- _TASK STATEMENT_:
Print exactly the lines that run from the opening line of the material through the line with "Warehouse robots or", and nothing else, leaving out pictures.

- _COLLECTED DATA_:
┌────────
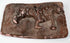 Ancient Indian feline relief plaque in reddish terracotta with suspension perforation and archaeological surface wear.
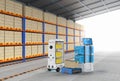 Warehouse robots or robotic assistants deliver boxes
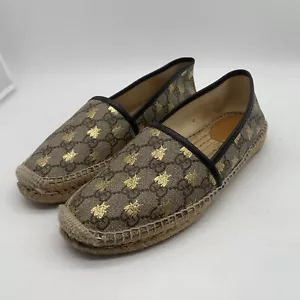 Gucci GG Bee Canvas Espadrilles UK 5.5 EU 38.5 VGC monogram print shoes summer - Picture 1 of 15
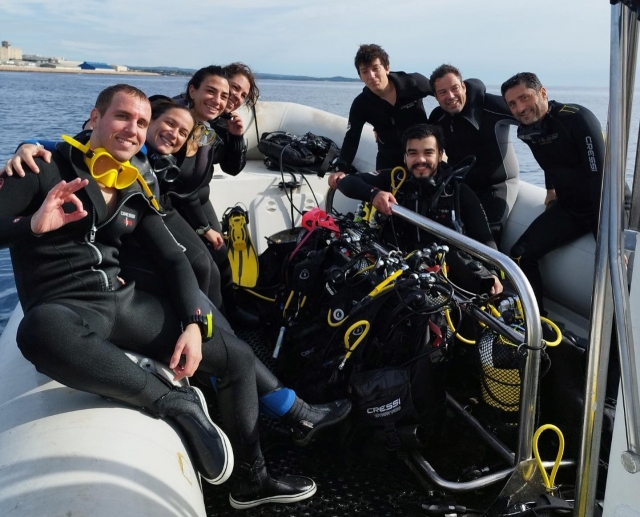  After a scuba dive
└────────
- _FINISHED EXERCISE_:
 Ancient Indian feline relief plaque in reddish terracotta with suspension perforation and archaeological surface wear.
 Warehouse robots or robotic assistants deliver boxes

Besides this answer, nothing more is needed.